(Beginning of RECORDS SHOWN)

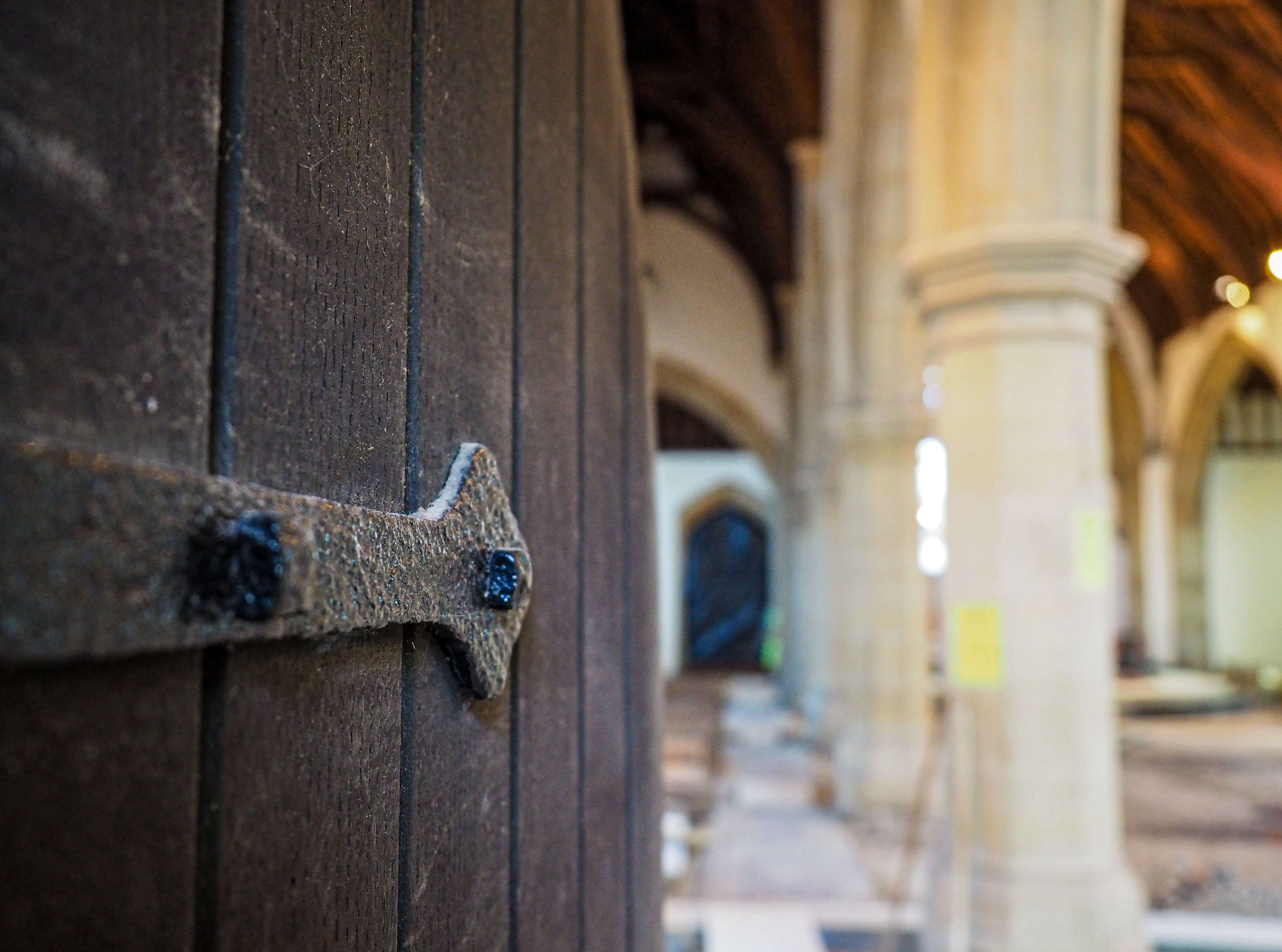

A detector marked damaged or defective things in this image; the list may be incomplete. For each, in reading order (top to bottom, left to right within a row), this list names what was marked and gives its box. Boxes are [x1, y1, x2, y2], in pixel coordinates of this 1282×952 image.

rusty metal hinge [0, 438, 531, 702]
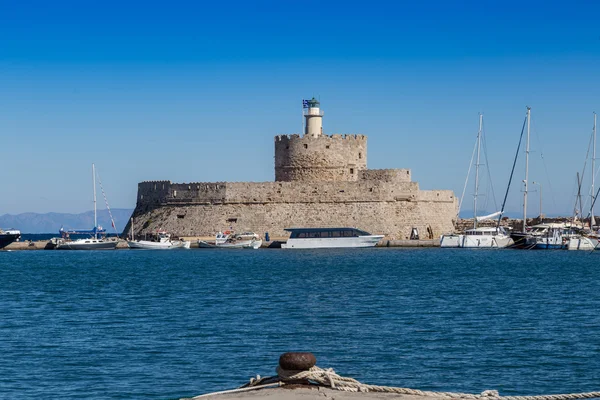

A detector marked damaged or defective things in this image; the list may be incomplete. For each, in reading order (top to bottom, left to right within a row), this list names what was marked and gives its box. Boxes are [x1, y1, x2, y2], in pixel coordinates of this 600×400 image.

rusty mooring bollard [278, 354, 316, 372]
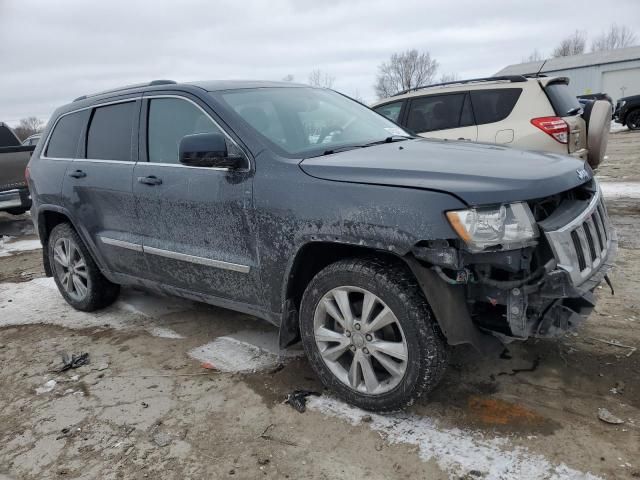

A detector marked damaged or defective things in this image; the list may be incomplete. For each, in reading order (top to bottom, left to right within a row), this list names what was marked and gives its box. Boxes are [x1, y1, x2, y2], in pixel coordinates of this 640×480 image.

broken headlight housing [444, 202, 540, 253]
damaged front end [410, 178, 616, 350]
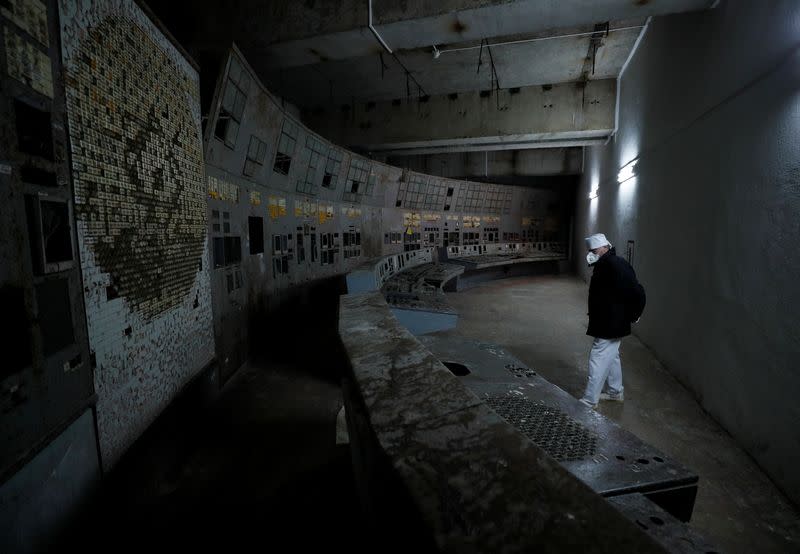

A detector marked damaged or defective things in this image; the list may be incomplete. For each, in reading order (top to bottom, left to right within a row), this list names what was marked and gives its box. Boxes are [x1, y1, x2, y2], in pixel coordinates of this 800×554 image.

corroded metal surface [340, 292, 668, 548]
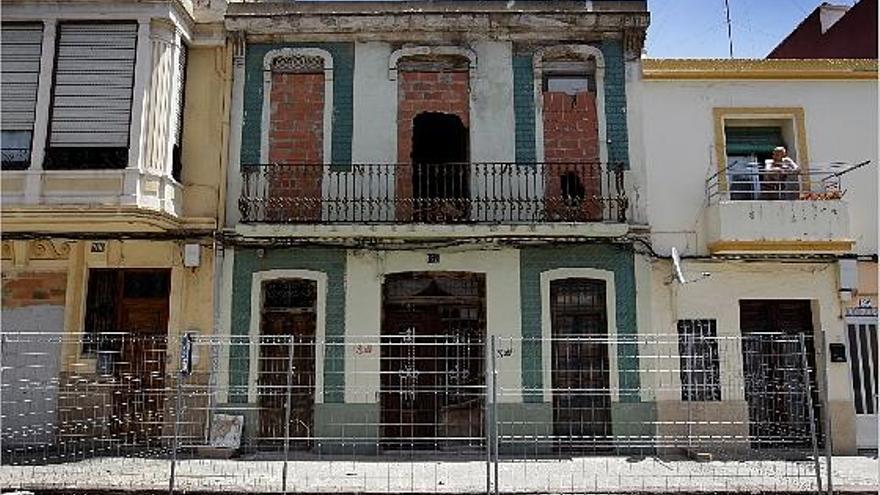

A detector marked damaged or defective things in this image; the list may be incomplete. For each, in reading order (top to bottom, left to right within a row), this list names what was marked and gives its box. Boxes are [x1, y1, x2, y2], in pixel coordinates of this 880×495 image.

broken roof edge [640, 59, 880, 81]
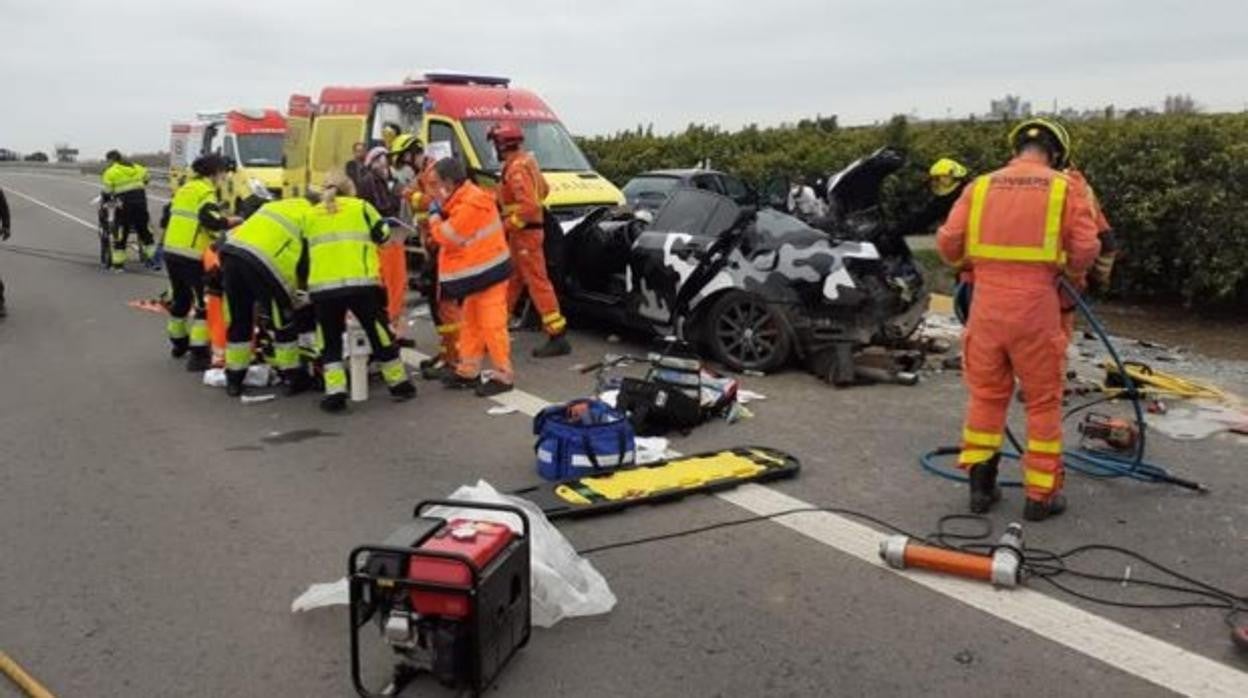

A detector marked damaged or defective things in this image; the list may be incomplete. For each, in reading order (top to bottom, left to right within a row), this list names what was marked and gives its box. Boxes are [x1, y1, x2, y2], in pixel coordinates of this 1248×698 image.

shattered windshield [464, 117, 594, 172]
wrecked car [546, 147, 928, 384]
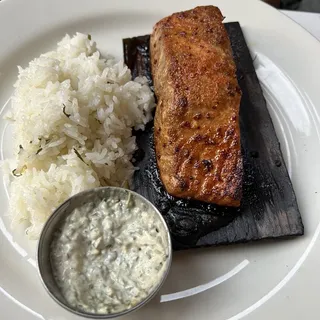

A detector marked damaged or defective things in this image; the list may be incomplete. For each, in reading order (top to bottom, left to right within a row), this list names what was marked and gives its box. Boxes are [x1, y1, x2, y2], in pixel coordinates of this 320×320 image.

(End of RECORDS SHOWN)

-- REQUIRED ACTION --
Your output should consist solely of the lines from the line containing "this 880×495 image." through the end of the data above, copied exactly, with images removed.

-- WRITTEN RESPONSE --
A detector marked damaged or defective things in this image; the list may be incomplete. For each, in reading order (top to bottom, left to right within a row), this list names what was marked and gives its box. Boxes are [x1, y1, x2, y2], in pixel coordinates of this 880×495 image.

broken roof edge [640, 59, 880, 81]

A detector marked damaged or defective things in this image; the list may be incomplete. For each, in reading order (top to bottom, left to right within a row), this list names what was marked and gives its box. Boxes are [x1, y1, x2, y2], in pixel coordinates of this 1248×698 image.

shattered windshield [464, 117, 594, 172]
wrecked car [546, 147, 928, 384]

A detector marked damaged or defective things in this image; the list may be incomplete. For each, in reading order (top to bottom, left to right within a row), this list names what was marked and gives its box. Boxes are [x1, y1, x2, y2], in pixel coordinates of this 320×320 image.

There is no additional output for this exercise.